A minimal replacement for the async I/O portions of std, shaped like std but built on native completion APIs:

• Linux: io_uring (kernel 5.1+) with automatic epoll fallback for older kernels — selected at runtime, not at build time
• Windows: IOCP
• macOS: kqueue
• WASM: custom host function imports (not WASIP1)

What it provides

Module	Content
io	AsyncRead / AsyncWrite — one method each, Vec<u8> ownership transfer, no extension traits
fs	File, OpenOptions, DirReader, metadata
process	Command, Child, Stdio
signal	ctrl_c(), signal_wait()
tty	Terminal size/mode (sync); Tty implementing AsyncRead/AsyncWrite
time	sleep() (async), Instant::now() (sync)
env	get_args(), get_env() (sync)
path	Sync path utilities
rt	Completion registry and proactor driver; minimal single-threaded executor on native
abi	Overlapped struct and WASM host import declarations

Design constraints

• No tokio. No async-trait. No vtable-based platform abstraction.
• No flush / shutdown on base I/O traits — those belong on concrete types.
• No extension traits in this crate — callers write their own loops.
• AsyncRead::read and AsyncWrite::write take and return Vec<u8> by value. The caller owns the buffer; the kernel borrows it for the duration of the operation.
• Sync for: env, path, time (Instant), terminal control. Async for: all I/O.
• rt on WASM is a self-contained proactor (OverlappedFuture + completion registry + tick()). On native it is a minimal single-threaded executor with its own proactor — no thread pinning, no cross-thread wakers.

What it is not

Not a general async runtime. Not compatible with tokio traits. Not targeting broad ecosystem compatibility. Does not include networking, TLS, or any protocol-level code.

Dependency strategy

No external async or I/O dependencies. All OS bindings are extern "C" / extern "system" declarations against libraries the OS always provides:

• Linux: syscall(2) for io_uring (syscall numbers 425/426/427 are stable kernel ABI, identical on glibc and musl); standard libc for epoll, signalfd, timerfd, fork, execve. #[repr(C)] struct definitions for io_uring_sqe/io_uring_cqe/epoll_event inline — these are stable kernel ABI.
• Windows: extern "system" #[link(name = "kernel32")] for IOCP, file, and process APIs — always present, no install step.
• macOS: extern "C" against libSystem.dylib for kqueue, kevent, and POSIX calls — always linked.
• WASM: extern "C" #[link(wasm_import_module)] host imports already in abi.rs.

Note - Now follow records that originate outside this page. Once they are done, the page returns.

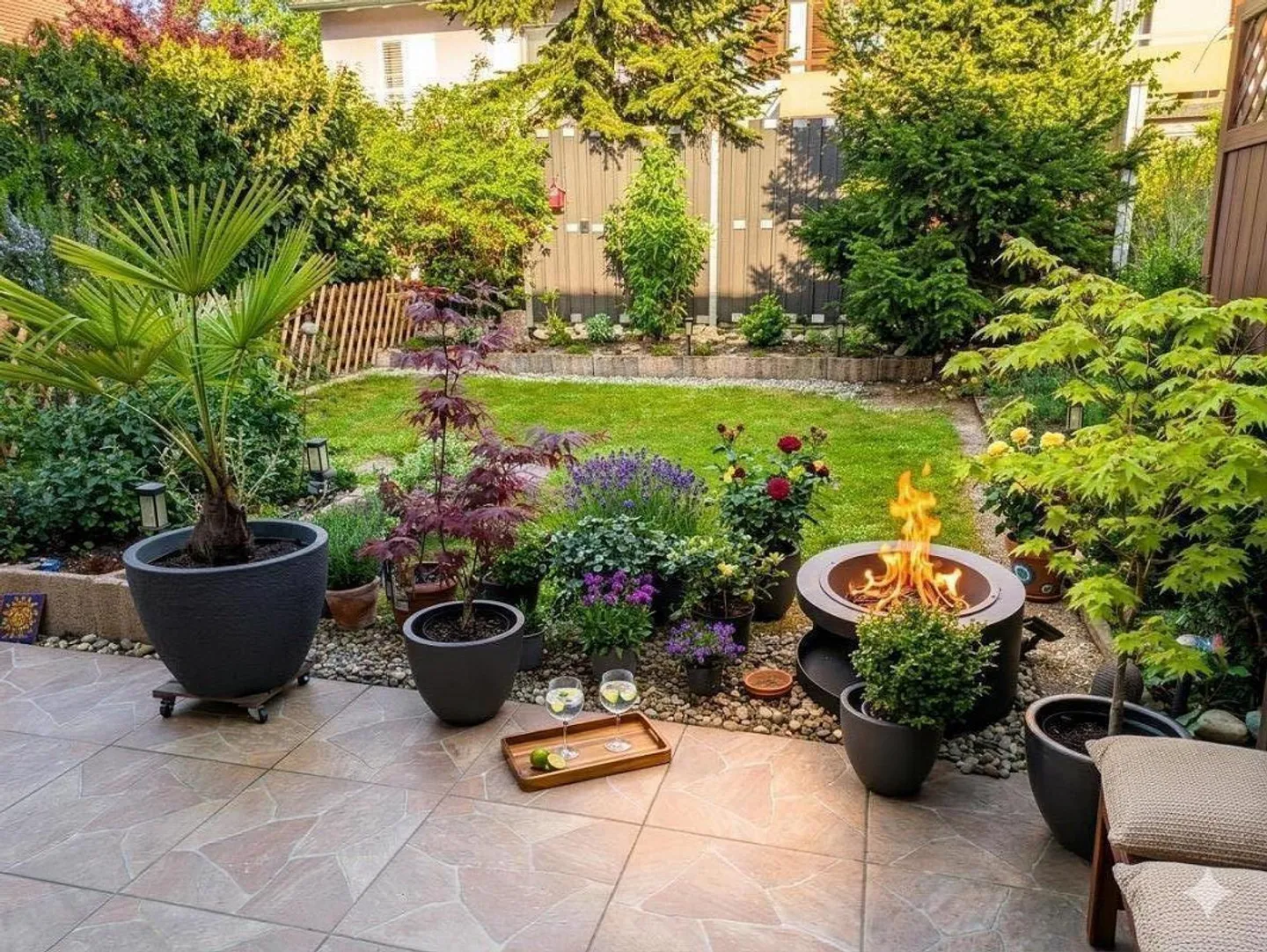 Maison individuelle rénovée de 4,5 pièces avec véranda et pompe à chaleur - Photo 14 sur 17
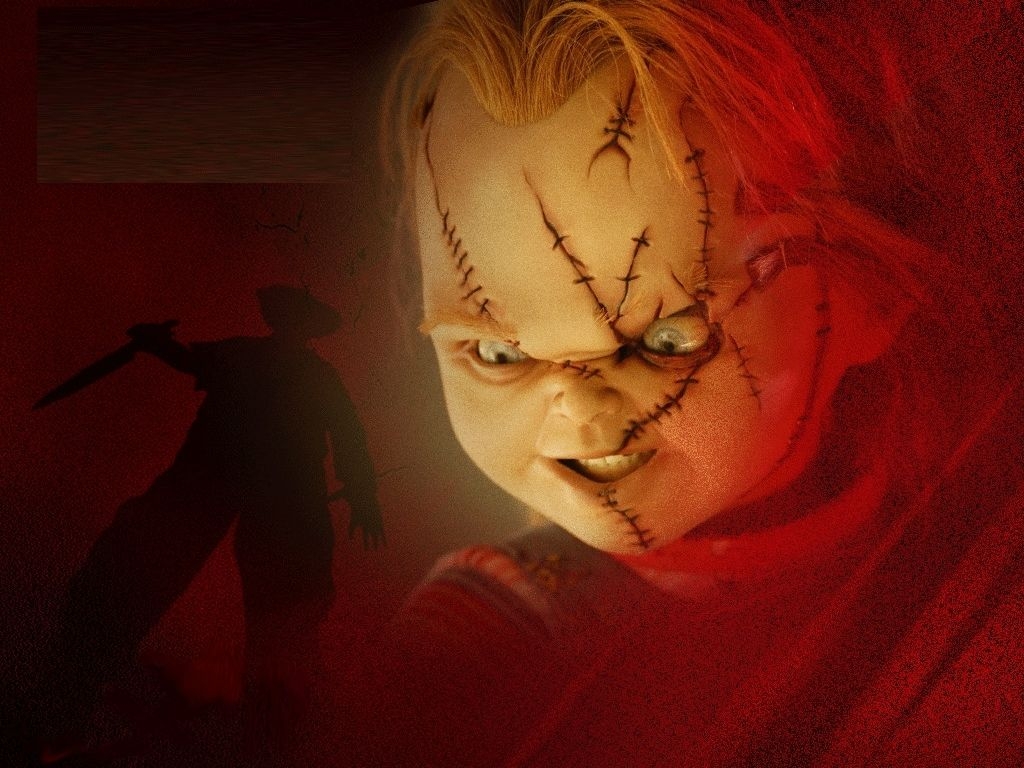 1030x770 Unique Wallpaper: Chucky Doll Picture Wallpaper, Desktop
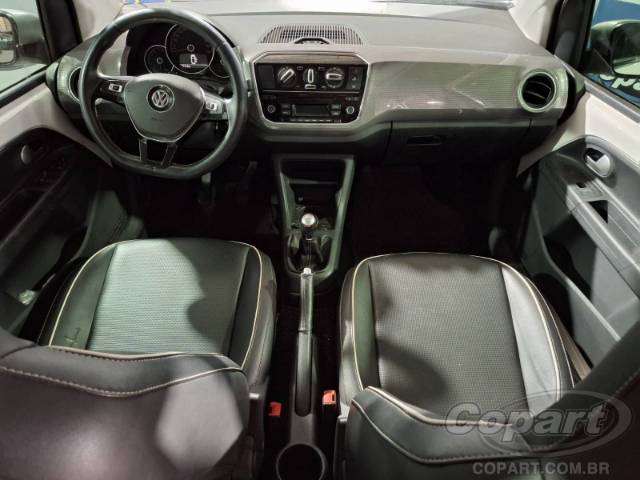 2018 VOLKSWAGEN UP 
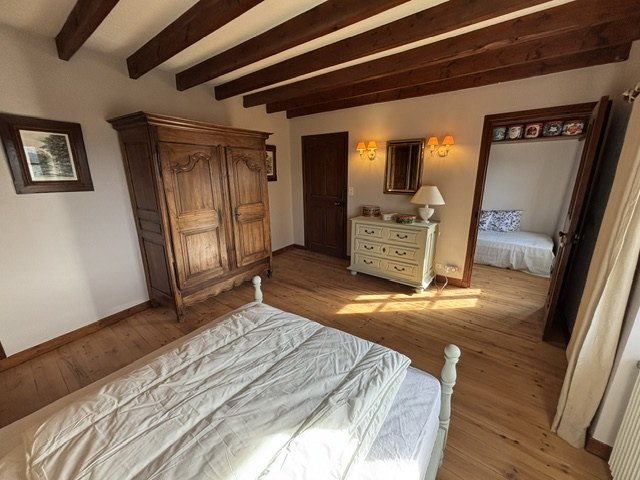 Communication avec chambre attenante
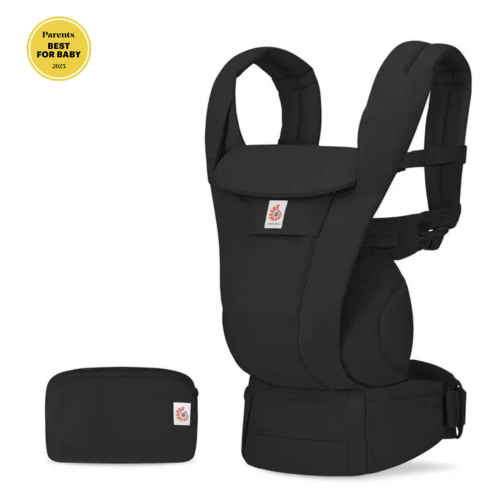 Omni Deluxe Carrier- Black Cotton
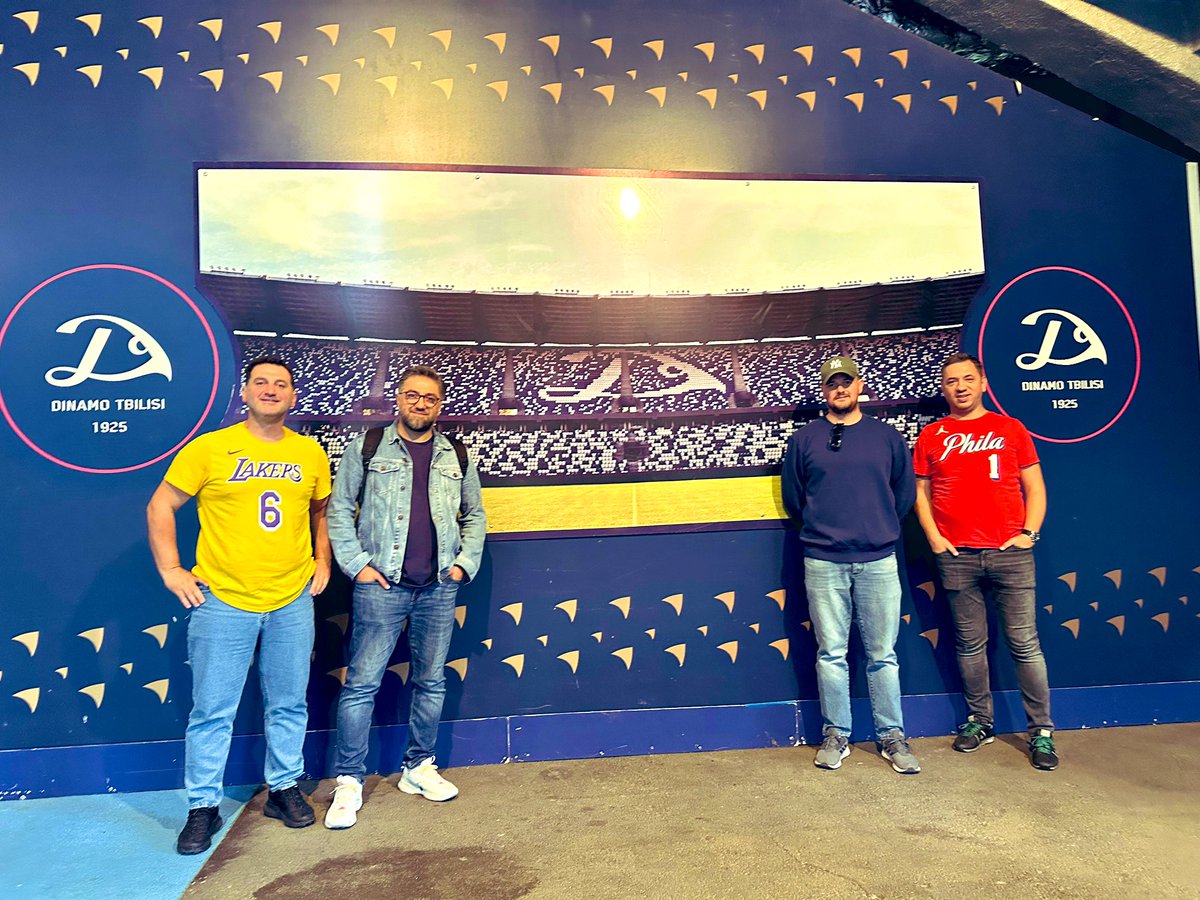 pasam1963's tweet image. Dinamo tbilisi biz geldik 💪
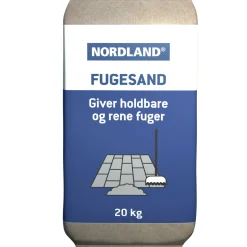 NORDLAND FUGESAND 20 KG OP TIL 1,5 MM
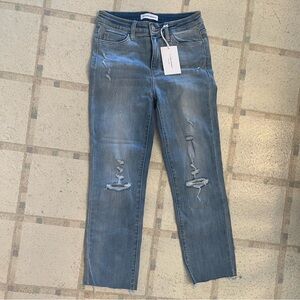 Flying Monkey Blue Jeans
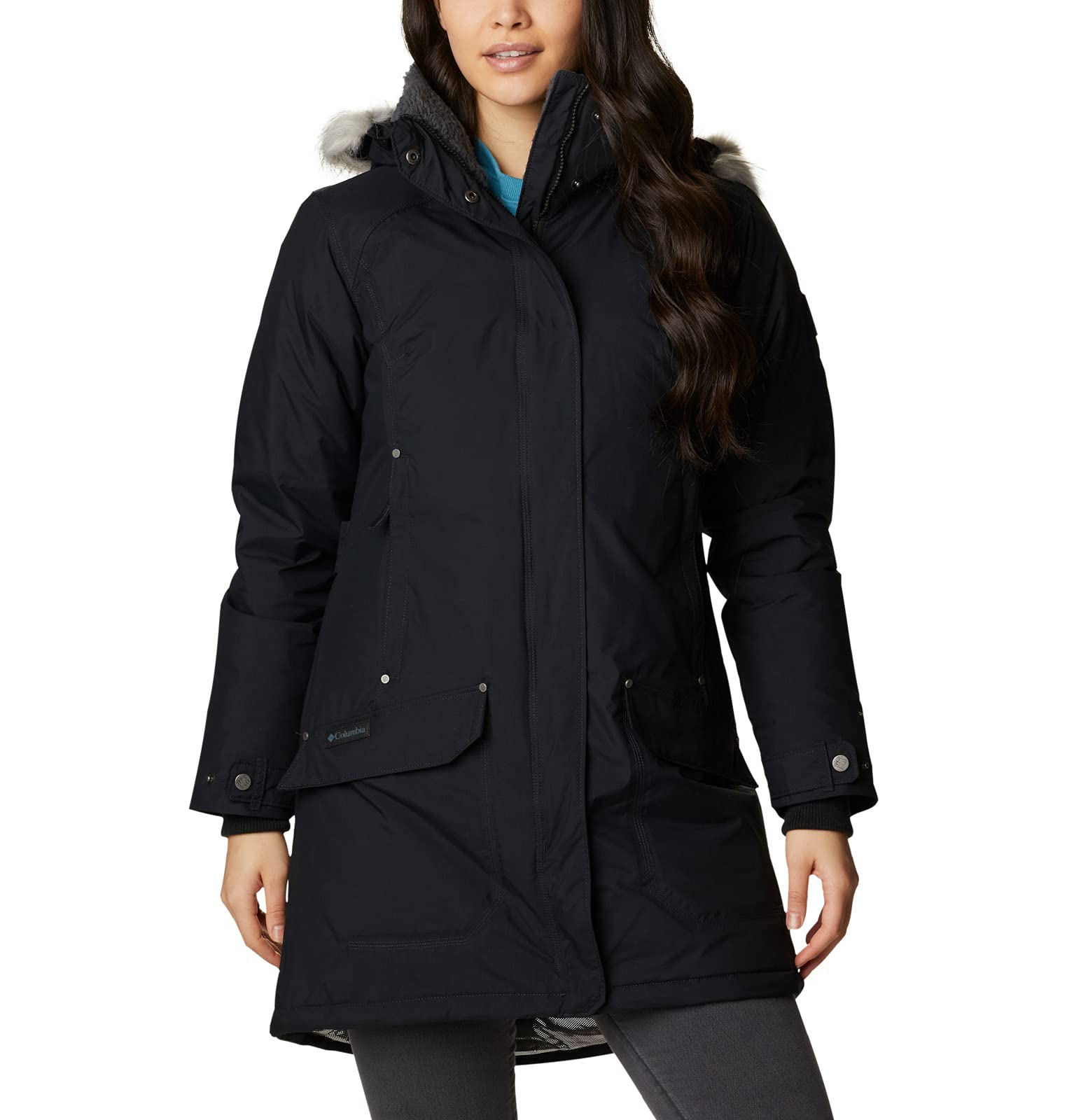 columbia women's icelandite ™ turbodown jacket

All executor and scheduling logic is self-contained in rt/. Logic derived from compio-driver source is ported directly, not imported as a crate dependency.

Building and running

Bootstrap step: generate the workspace sysroot output once with:

cargo run -p prebuild

This creates target/rusticated-spec/config.toml and the *-rusticated.json target specs under target/rusticated-spec/. The workspace root also provides sysroot.toml, which includes the generated config and is the recommended wrapper for downstream builds.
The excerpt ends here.